According to the Plan for Energy Development and Saving (2006-10), the construction of energy infrastructure will be the municipal government's top priority in the coming years.
To strengthen the city's ring power grid, six more 500-kilovolt transformer substations will be built in the suburbs. The city will also build four more thermal power plants, adding 1.5 million kilowatts of power a year and central heating to cover 25 million square metres of space. A new 90-kilometre thermal power pipe will be built in central Beijing, improving the city's heating system.
Several major projects involving liquid natural gas and underground gas and oil deposits will also be completed by 2010. In addition to capacity building, the plan calls for Beijing to become a model of energy-conservation for the whole country by 2010.
Beijing became China's second most energy-consuming city last year after Shanghai, requiring energy equivalent to 55.22 million tons of standard coal. The city's per-capita energy consumption reached 3.6 tons of standard coal during the period, 2.1 times of national average.
The plan seeks to limit the city's energy consumption to 65 million tons of standard coal by 2010.
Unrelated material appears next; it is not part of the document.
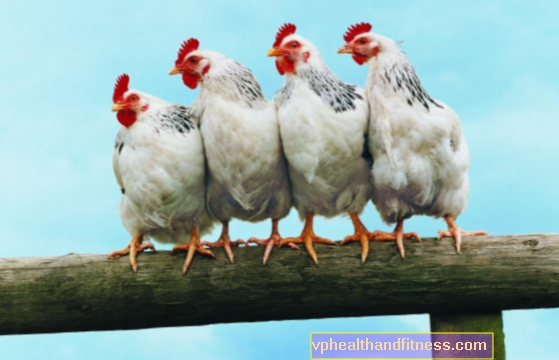 Carne contaminada: ¿las aves de corral con fipronil llegaron a las mesas polacas?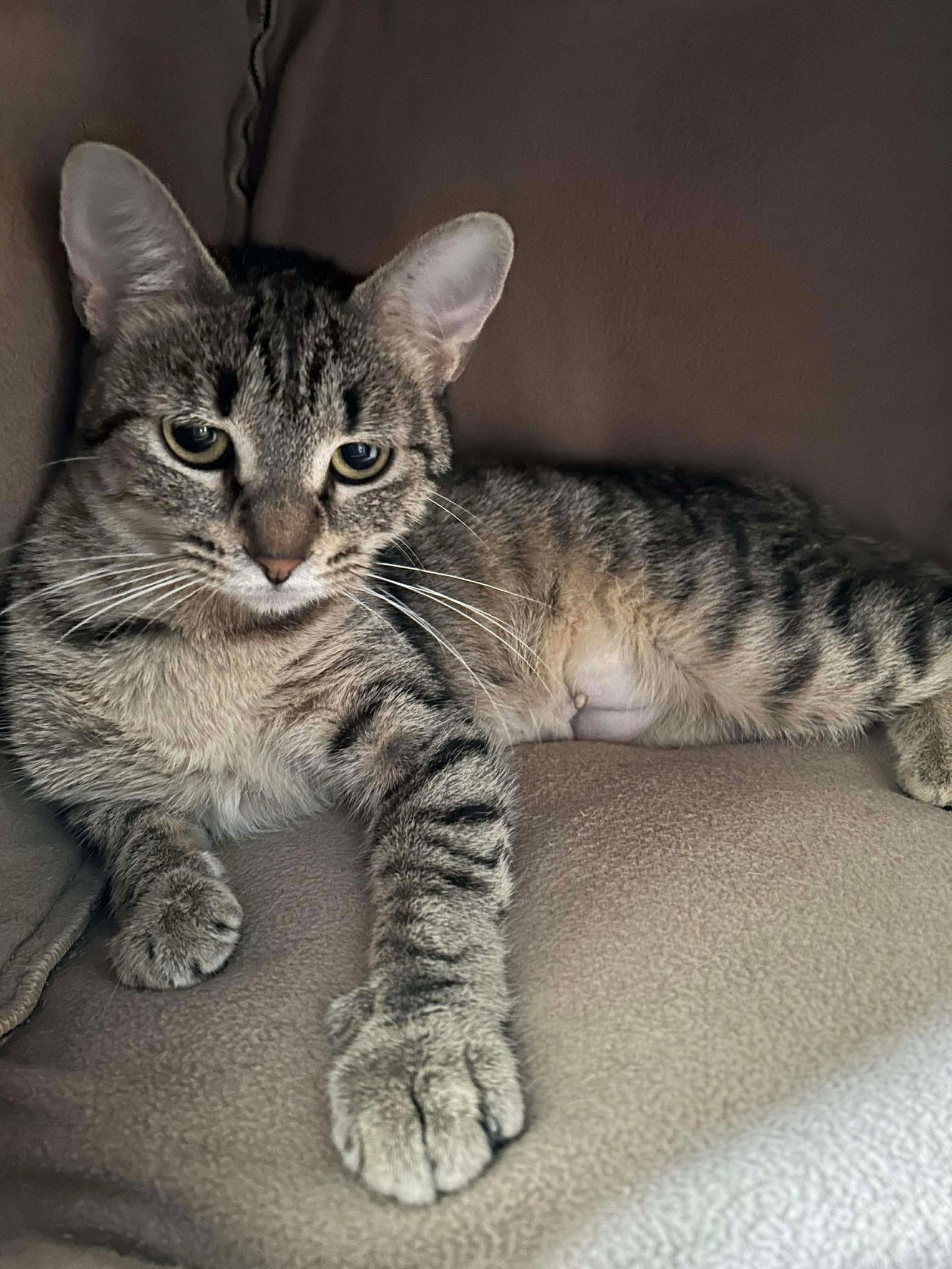 Enlarge Charlanda, a Adoptable Domestic Short Hair in Steeleville, IL image 3/3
The plan also calls on the city to reform its energy structure by increasing the share of high-quality energy sources like electricity, natural gas and renewable energy in the city's overall energy supply.
The plan says 70 per cent of the total energy consumed will come from high-quality sources, compared with the current 57 per cent. The plan also places a greater emphasis on renewable energy sources, like geothermal, solar, biomass and wind energy.
By 2010, renewable energy is expected to account for 4 per cent of all the energy consumed in Beijing, compared with the present 1 per cent. Heat from renewable sources will cover 40 million square metres, 6 per cent of the city's total heating area.
Liu said Beijing was dedicated to reducing energy consumption and had shown progress in doing so in recent years. Beijing consumed 0.8 tons of standard coal per 10,000 yuan (US$1,250) of GDP last year, representing a drop of 39 per cent from 2000. The new plan calls for this number to drop by 20 per cent from the 2005 figure by 2010.
"We will gradually transform energy-consuming enterprises and eventually eliminate the development of major energy-consuming industries and products," Liu said.